Towards OS9 operating system on P2?
Hi forum members,
P2 has 512k memory and can do multitasking with it's 8 cogs, so I am thinking about times, when this was plenty of memory.
A realtime operating system, that works with 512k, has plenty of software available, can do multitasking, would be OS9, written for 6809 CPU and used for Tandy Coco3 computers, which led to a rather large amount of software. (I had been thinking of CPM/68k, but there is not much software for this platform and it cannot do multitasking. Os9/68k is not available.)
Access for 512k is done via a MMU tcc1041 in the Coco3.
So the idea is to emulate at least the 6809, the MMU, the main timer, and 2 ACIA 6522 (for which there a drivers in OS9/Nitros9). In an additional step the video system, which is designed for multiple windows, could be emulated. I think, it should be possible to directly boot into OS9 on a SD card, without a Coco3 Rom. As far as I understand, there is no bios. Hardware is handled by by device drivers.
Starting points are:
A PC emulator, written in C, part of: https://github.com/VCCE/VCC/releases
The "Ease of Use" project of Nitros9, which is a free version of OS9 and comes with a predefined harddisk image. lcurtisboyle.com/nitros9/nitros9.html
Plenty of informations: https://colorcomputerarchive.com/repo/
https://lomont.org/software/misc/coco/Lomont_CoCoHardware.pdf
Actual status is, that I was able to extract the 6809 and MMU emulators from vcc and compile them with FlexProp. A tiny mod in the emulator to split the case construct into 4 parts makes FlexProp generate a jump table. (Big ups for FlexProp!) Hardware port registers are in the range >$ff00, where a routine or a second cog could grab the values from the ACIA for serial transmit. Interrupts are polled before each operation of the 6809. This core of an emulator can load and execute a minimal 3 instruction loop.
Unfortunately a NOP instruction, which would be 2 cycles, needs 714 cycles without MMU and 938 cycles with MMU. So a kiss board @200MHz is only about 1/4 the speed of the original (1.8MHz) with this code. I have been staring at the source code and the listings, but there is nothing obvious for me to make NOP faster. (The condition flags seem to be in an array, so there is perhaps some speed gain possible, but NOP does not touch these of course.)
INCB needs 1083cycles with MMU instead of 2. 1083 is only 150 more than NOP, so the time seems to be lost outside of the actual emulation of the instruction.
I think, the emulated machine should/must be at least as fast as the original to be fun or useful.
Any thoughts or comments?
Christof
Comments
If you post something that flexspin can compile as-is, I could look at where bottlenecks are...

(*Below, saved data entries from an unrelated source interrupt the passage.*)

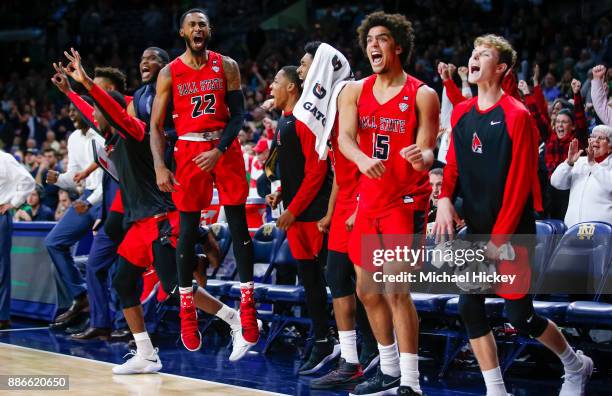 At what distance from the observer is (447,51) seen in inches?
577

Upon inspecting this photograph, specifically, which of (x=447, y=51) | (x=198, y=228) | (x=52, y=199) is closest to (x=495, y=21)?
(x=447, y=51)

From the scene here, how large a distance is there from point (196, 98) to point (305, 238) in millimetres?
1268

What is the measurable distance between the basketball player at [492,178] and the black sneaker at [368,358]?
1614 millimetres

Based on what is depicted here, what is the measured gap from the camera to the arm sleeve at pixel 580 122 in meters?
8.18

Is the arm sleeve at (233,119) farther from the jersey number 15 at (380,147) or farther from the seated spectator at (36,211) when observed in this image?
the seated spectator at (36,211)

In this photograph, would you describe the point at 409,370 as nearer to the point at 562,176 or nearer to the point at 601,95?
the point at 562,176

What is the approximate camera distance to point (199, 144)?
6305mm

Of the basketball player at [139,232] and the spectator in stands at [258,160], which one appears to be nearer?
the basketball player at [139,232]

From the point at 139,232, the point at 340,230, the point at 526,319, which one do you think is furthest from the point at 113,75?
the point at 526,319

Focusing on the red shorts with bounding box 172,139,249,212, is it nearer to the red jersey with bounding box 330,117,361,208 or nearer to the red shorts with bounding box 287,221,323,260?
the red shorts with bounding box 287,221,323,260

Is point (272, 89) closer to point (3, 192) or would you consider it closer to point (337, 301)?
point (337, 301)

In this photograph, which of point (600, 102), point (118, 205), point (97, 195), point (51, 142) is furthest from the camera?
point (51, 142)

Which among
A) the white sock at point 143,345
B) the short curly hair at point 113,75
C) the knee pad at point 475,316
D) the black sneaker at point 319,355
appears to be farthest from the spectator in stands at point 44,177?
the knee pad at point 475,316

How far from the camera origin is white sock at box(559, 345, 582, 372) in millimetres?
5211
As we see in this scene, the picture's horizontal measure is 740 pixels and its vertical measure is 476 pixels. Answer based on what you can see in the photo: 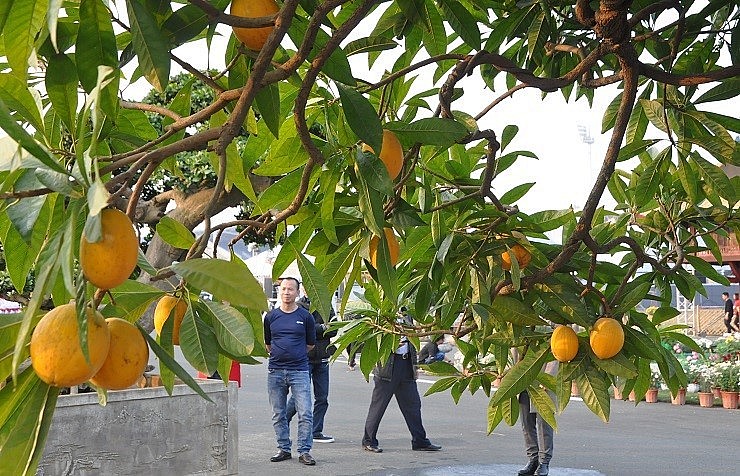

But the actual solution to that sort of thing is to write it from scratch in assembly, making use of EXECF and hand-tuned assembly. Check macca's 6502 core or my SPCcog Sony SPC700 core) for similar 8bit CPU implementations. I just calculated it, SPCcog's SPC700 takes up to 66 cycles to run a NOP from RAM, (whose implementation is a single line
_ret_ sub sp_cycles,#1
), a lot of which is spent in the memory handler reading the opcode. The SPC700 NOP is also 2-cycle, so that's the equiv. of a 6MHz processor on a 200MHz P2 (which turns out is enough leeway to run it at 1Mhz alongside the S-DSP emulation in the same cog).Well, I already have had a look at Macca's emulators. I would need HUGE time to do something like this....
Here is my attempt with Vcc so far, if you would like to have a look at it. Main code is P2Vcc.c
Perhaps there is some way to split MC6809Exec() into tasks for more than one cog?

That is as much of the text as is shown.